# Chukar vs Pheasant



## Dukes_Daddy (Nov 14, 2008)

50 yard dash open flat ground. Which wins?

Talk amongst yourselves!


----------



## USMARINEhuntinfool (Sep 15, 2007)

Pheasant


----------



## hunting777 (May 3, 2009)

Which ever one has the dog chasing it or the 12 yr old trying to pepper it on the ground. //dog//-8/-

But honestly I would say pheasant.


----------



## Critter (Mar 20, 2010)

On flat ground the pheasant will pull away from the chuckar, but give that chuckar a hill to go up and the pheasant will have to fly to keep up.


----------



## Bax* (Dec 14, 2008)

According to the Google machine (because we should believe everything we read online) the following came up:



Pheasants Forever said:


> While pheasants are able to fly fast for short distances, they prefer to run. If startled however, they will burst to the sky in a "flush." Their flight speed is *38 to 48 mph* when cruising but when chased they can fly up to *60 mph*.


 Source: https://www.pheasantsforever.org/Habitat/Pheasant-Facts.aspx

Some guys claim chuckar can fly 45-50 mph but that has to be off a downward flight path as I have seen chuckars fly pretty slowly when in a flat area.

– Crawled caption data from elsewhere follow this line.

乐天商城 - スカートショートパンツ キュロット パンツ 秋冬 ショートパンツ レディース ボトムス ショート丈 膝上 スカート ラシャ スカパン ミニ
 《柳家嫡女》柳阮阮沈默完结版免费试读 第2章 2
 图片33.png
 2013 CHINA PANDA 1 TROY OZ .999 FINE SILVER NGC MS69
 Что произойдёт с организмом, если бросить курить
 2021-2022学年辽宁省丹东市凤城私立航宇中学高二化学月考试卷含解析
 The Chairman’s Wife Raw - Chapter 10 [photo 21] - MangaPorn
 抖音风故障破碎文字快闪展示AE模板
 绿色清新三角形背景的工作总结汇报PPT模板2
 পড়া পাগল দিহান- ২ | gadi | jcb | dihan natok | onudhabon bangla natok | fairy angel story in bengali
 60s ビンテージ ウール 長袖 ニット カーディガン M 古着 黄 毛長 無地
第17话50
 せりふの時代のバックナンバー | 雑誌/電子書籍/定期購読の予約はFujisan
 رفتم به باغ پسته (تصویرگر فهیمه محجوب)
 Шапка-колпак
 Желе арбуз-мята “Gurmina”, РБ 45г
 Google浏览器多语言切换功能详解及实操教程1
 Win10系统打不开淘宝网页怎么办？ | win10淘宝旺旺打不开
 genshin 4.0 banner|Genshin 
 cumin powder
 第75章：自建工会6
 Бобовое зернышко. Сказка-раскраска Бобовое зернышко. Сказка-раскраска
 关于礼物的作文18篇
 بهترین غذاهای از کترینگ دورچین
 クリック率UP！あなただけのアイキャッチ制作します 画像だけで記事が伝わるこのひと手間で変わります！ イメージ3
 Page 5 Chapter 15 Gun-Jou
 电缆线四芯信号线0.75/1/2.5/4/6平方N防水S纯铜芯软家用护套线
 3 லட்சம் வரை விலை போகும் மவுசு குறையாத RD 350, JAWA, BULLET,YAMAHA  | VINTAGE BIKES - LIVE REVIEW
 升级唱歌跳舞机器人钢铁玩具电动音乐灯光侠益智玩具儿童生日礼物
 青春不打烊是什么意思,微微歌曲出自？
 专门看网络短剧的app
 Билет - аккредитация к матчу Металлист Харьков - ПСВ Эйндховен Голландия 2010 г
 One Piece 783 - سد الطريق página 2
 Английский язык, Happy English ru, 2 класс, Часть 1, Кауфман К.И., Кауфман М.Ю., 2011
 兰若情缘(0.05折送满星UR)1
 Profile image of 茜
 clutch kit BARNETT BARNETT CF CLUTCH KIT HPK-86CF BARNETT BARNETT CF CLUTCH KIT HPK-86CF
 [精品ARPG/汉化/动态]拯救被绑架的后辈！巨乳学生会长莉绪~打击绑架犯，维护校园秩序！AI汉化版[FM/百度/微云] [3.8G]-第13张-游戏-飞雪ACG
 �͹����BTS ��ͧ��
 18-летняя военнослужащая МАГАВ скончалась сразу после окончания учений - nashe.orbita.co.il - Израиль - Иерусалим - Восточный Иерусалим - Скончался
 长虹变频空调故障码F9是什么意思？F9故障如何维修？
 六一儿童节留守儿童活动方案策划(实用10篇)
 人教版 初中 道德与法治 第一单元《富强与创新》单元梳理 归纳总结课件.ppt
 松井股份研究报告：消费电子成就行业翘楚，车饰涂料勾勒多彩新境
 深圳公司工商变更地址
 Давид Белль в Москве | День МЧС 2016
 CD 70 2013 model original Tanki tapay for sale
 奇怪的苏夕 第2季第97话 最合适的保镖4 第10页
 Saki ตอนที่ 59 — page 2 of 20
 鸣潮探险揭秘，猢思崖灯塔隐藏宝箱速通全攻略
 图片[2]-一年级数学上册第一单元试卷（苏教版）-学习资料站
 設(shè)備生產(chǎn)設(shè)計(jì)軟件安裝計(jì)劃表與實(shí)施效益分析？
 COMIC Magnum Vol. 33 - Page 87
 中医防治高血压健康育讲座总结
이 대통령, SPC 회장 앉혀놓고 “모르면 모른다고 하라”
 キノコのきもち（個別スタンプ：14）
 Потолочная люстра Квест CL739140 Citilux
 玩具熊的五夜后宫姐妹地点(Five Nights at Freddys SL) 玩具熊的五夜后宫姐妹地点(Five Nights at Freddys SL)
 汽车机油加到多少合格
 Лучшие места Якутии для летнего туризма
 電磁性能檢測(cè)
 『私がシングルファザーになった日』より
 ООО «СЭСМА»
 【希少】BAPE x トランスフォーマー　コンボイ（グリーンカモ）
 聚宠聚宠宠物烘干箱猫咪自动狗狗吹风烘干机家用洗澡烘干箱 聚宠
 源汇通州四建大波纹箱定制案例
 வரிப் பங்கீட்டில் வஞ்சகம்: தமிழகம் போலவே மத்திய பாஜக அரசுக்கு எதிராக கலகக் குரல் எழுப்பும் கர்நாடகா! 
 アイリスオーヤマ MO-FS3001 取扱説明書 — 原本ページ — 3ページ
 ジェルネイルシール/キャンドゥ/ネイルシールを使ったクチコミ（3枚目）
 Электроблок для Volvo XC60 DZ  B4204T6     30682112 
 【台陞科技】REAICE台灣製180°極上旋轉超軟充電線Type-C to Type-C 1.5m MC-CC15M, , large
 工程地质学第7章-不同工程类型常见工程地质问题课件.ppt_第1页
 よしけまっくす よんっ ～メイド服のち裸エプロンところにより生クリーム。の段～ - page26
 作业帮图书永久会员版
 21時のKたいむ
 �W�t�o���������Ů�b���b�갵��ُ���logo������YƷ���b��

I would guess that a chuckar could out run a pheasant though. Just a guess though.


----------



## USMARINEhuntinfool (Sep 15, 2007)

Apparently, according to the google, Chukar run upwards of 28 mph where as Pheasant run upwards of 10 mph.


----------



## AF CYN (Mar 19, 2009)

Interesting question. Is there any particular reason you are pondering such things? 

I would have guessed pheasant, but it sounds like others have used the world wide web to settle the debate.


----------



## Dukes_Daddy (Nov 14, 2008)

AF CYN said:


> Is there any particular reason you are pondering such things?


My mind wanders.

I don't trust the internet. Does anyone have Pheasants and Chukars? We could have a race off. I like the 12 year old and pointer idea for encouragement.


----------



## Bret (Sep 7, 2007)

I've seen crippled roosters scoot across a plowed field I couldn't catch them and I can blow by 10 MPH for short distance easy. My dogs can do 23-25 for 10 minutes when they are fit according to the truck speedometer, and they can run them down if they have enough space. Standing up in a full sprint roosters can move, so can chukar though.

I hunt both species quite a bit, and my money running on the flat ground would be on the ringneck, and in flight on the chukar. I bet that across flat ground in flight the difference wouldnt be that great though. However give that chukar the top of a hill and some gravity to work with, and I think he will blow the roosters spurs off in the air.


----------